ATLANTA — Black church leaders in Georgia organized rallies Sunday in a push to get their congregants to vote — a longstanding tradition known as “souls to the polls” that is taking on greater meaning this year amid new obstacles to casting a ballot in the midterm elections.
State lawmakers nearly did away with Sunday voting under a bill signed into law last year. The Republican-sponsored legislation followed former President Donald Trump’s false claims that voter fraud cost him reelection in 2020.
Though lawmakers backed off the Sunday voting ban, the bill shortened the time to request a mail ballot, rolled back the COVID-19 pandemic-driven expansion of ballot drop boxes, reduced early voting before runoff elections and prohibited groups from handing out food and water to voters in line.
Republicans said Georgia’s new law was necessary to restore confidence in the state’s election system. Civil rights advocates saw it as an attack on Black voters, who helped Democrats win the presidential contest in Georgia in 2020 for the first time since 1992 and later take the state’s two U.S. Senate seats. They are pushing back by redoubling efforts to turn out Black voters.
Sunday’s scheduled “souls to the polls” events include a caravan organized by church leaders and civil rights groups to take congregants from Rainbow Park Baptist Church in the Atlanta area to a mall where they can vote early. U.S. Sen. Raphael Warnock, the pastor of Ebenezer Baptist Church in Atlanta, also planned to hold a rally to get church members to vote on the last Sunday of the early voting period.
“Souls to the polls” reflects the Black church’s central role in the fight for justice and freedom in the U.S., said W. Franklyn Richardson, chairman of the board of trustees of the Conference of National Black Churches.
Richardson said efforts like it are particularly critical this election cycle.
“It’s the cumulative accomplishment of our people that is being challenged and threatened that makes this such an urgent election,” he said.

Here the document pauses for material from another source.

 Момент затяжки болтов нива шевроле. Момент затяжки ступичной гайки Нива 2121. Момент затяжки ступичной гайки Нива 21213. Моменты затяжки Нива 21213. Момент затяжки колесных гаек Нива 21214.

The idea for “souls to the polls” goes back to the civil rights movement. The Rev. George Lee, a Black Mississippi entrepreneur, was assassinated by white supremacists in 1955 after he helped nearly 100 Black residents register to vote in the town of Belzoni.
It reflects a larger effort in the Black community to leverage the church for voting rights, said Dartmouth history professor Matthew Delmont.
In addition to motivating potential voters, pastors provide the “logistical support to get people to go directly from church service to go to vote,” he said.